COLORED TELEVISION (Danzy Senna, 2024)
Danzy Senna skewers a lot here- capitalism, Hollywood, gentrification, men acting like they’re the first people ever to have thoughts or feelings. But the heart of this novel comes from its layered depiction of a marriage between two artists, and the unsung dreams and stagnated desires that both drive and divide them. This book is hilariously funny, totally modern and possessed of a tone that can’t be described with a simple mash-up of other titles– one of my favorite books I read in 2024.
MADAME BOVARY (Gustave Flaubert, 1857- Lydia Davis translation)
Miss Bovary is the OG desperate housewife, and it’s wild how modern this nearly 200 year old meditation on the drudgery of feminine expectation is. Even if you don’t like oldies, this one still feels fresh as hell. Lydia Davis- a genius in her own right, just bought her meditation on COWS- does a gorgeous translation that allows Flaubert’s singular style to really sing and cuts to the heart of sentences that, in other translations, can feel flowery and laborious.
BRIGHTON ROCK (Graham Greene, 1938)
If you’ve ever loved a bad boy, then Pinkie- the uber naughty career criminal who would and should be played by Barry Keoghan in any modern film adaptation- will make you wince.

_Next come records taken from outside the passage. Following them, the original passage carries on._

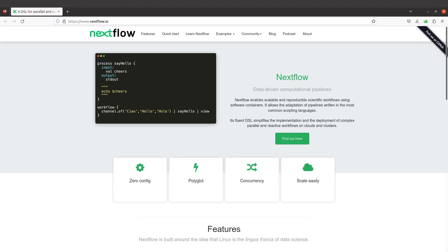In this tutorial I am going to show you how to install and set up Nextflow on a Linux system. Nextflow is software that is used to manage workflows. If you want to read more about it you can visit the home page — I'll leave the link in the description box.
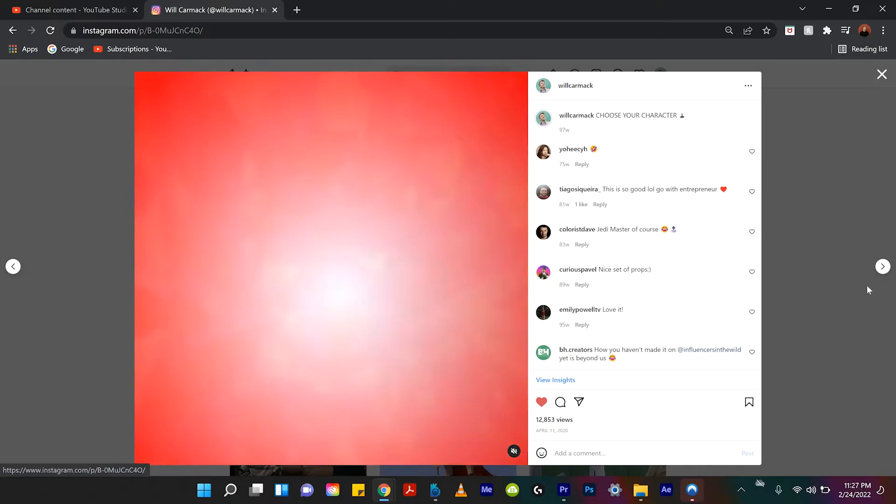Hello everyone! My name is Will Carmack and in today's After Effects tutorial I'm gonna be showing you how to create like buttons with an After Effects.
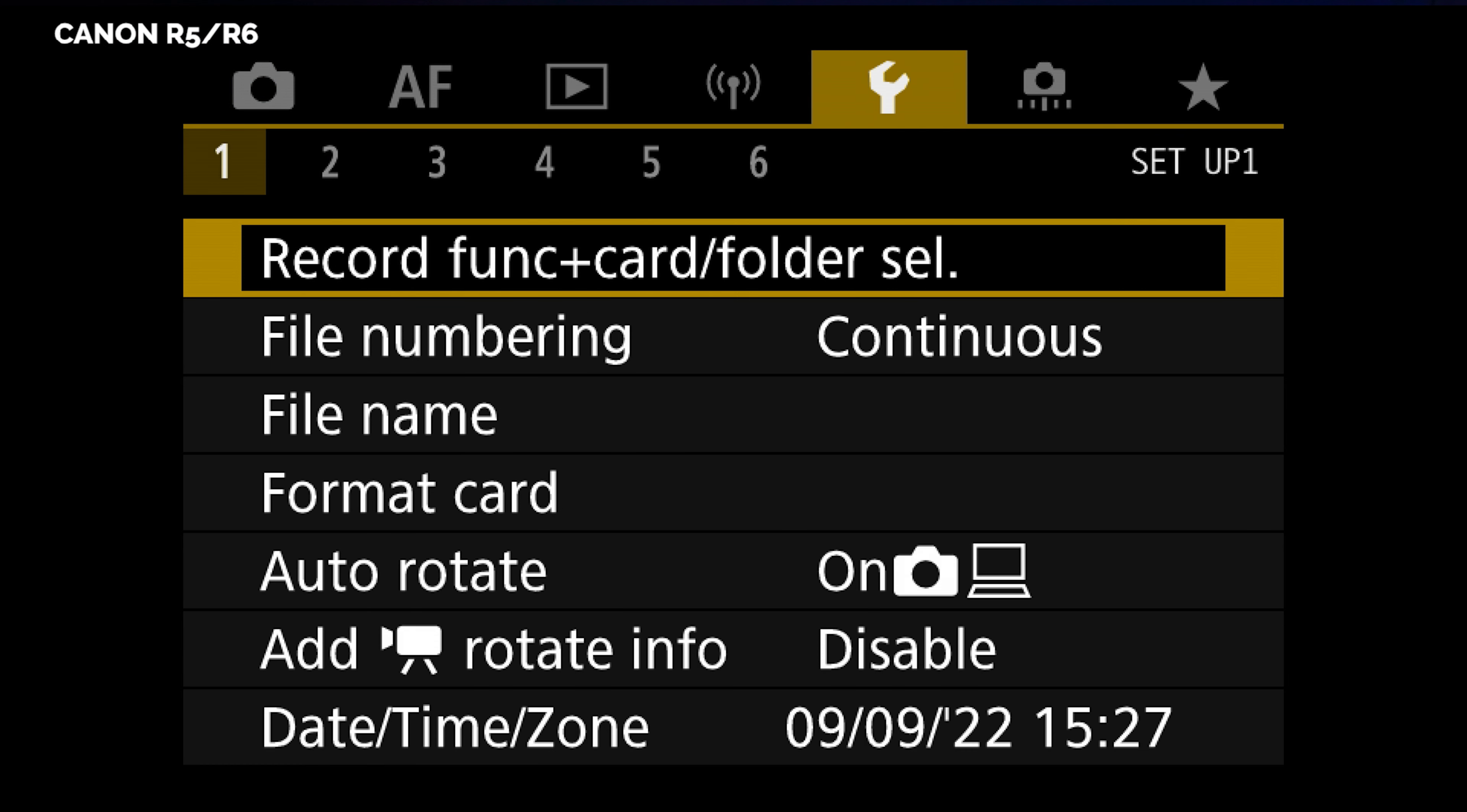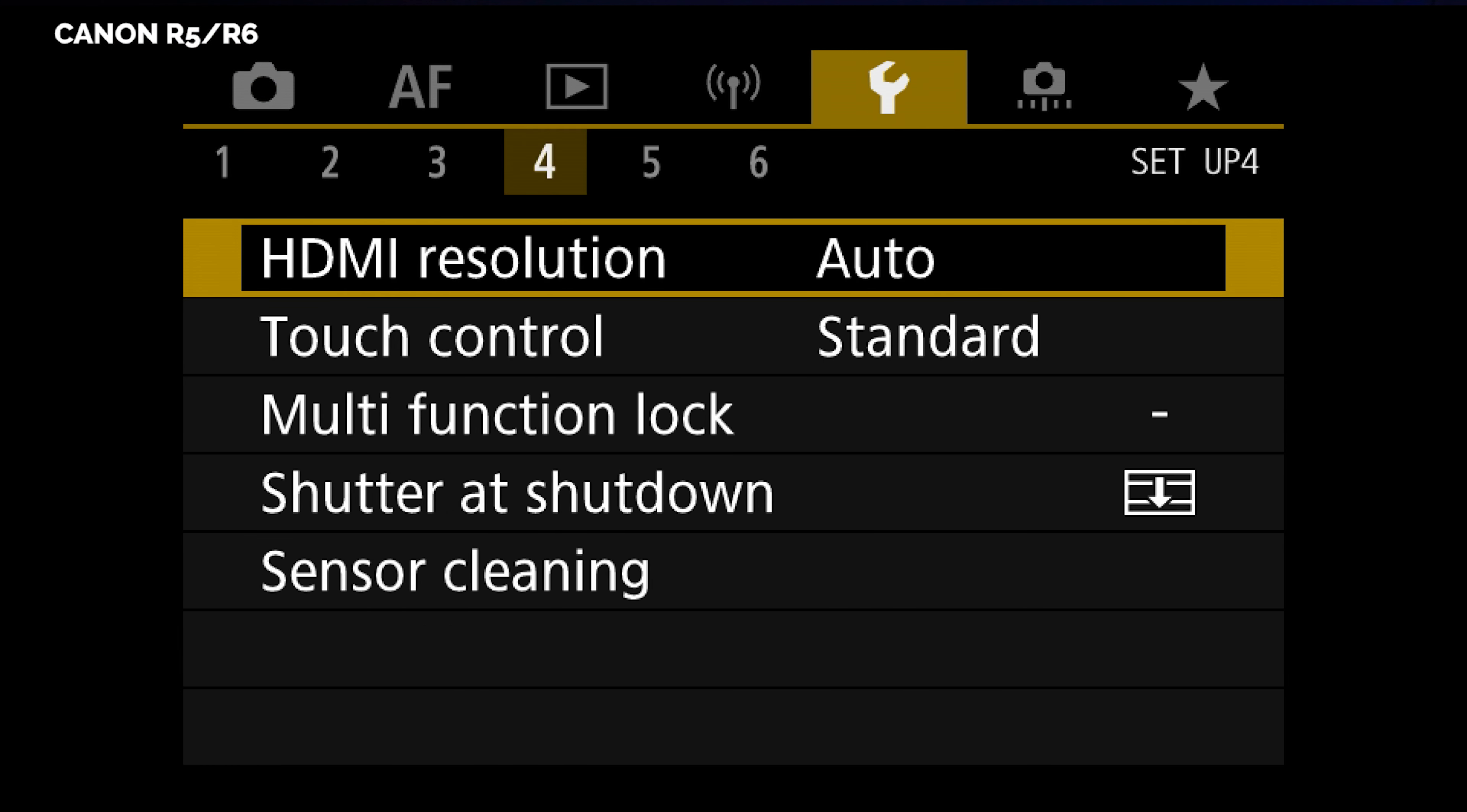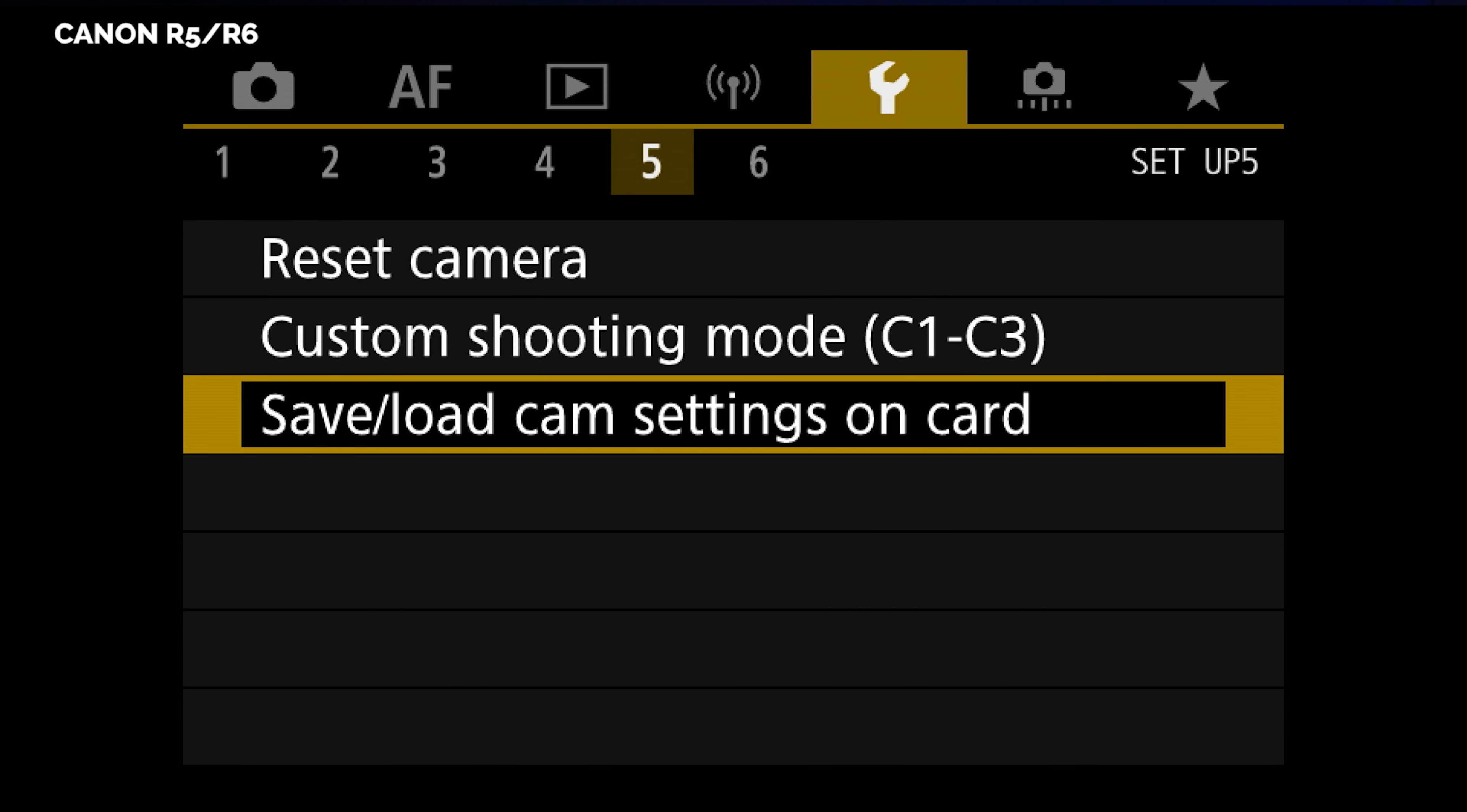You finally got your camera dialed in the way you want to and now you got three more cameras to deal with. Let's talk about how load camera settings can get it exactly the way you want on every camera you have on your set.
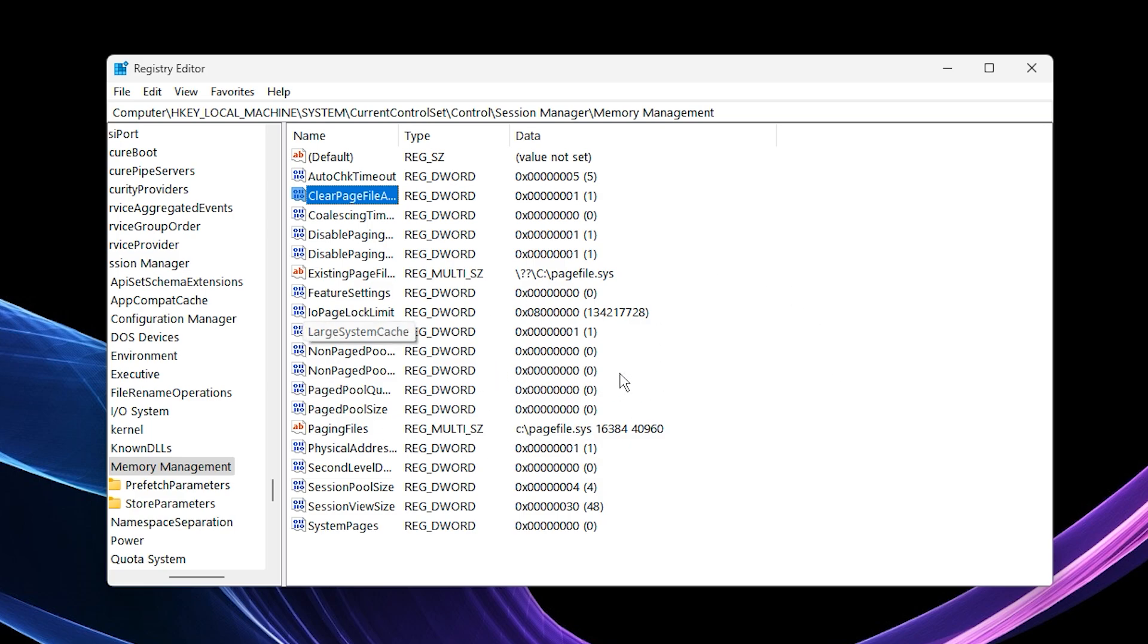After reboot, you'll notice smoother gameplay, reduced RAM stutter, and more stable FPS, giving CS2 a much cleaner and more responsive performance.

The novel has a crime caper’s pace, but the truly sinister thread is about Pinkie’s marriage to the pious and devoted Rose, who really needs to head to SLAA or watch a TikTok on the topic of “if he wanted to, he would.” If you like your marital discontent with a helping of Guy Ritchie-esque crime, then this is the one for you.
Please, leave your faves in the comments- and I hope you can tell I’m not a marriage truther, since basically all of these end in disaster, or at least vague dissatisfaction!
til death do us part,
Lena
Laurie Colwin does a wonderful job of showing happily married people who also sometimes have affairs while still being in love with their spouses. And her descriptions of cozy domestic life are glorious. Every one of her books is a gem. I desperately wish she’d lived longer so we could have the books she’d have written as she got older.
Perfect opinions as always. I also have poly friends and I can’t tell if their brains are far more expanded than mine or if they’re all just masochists.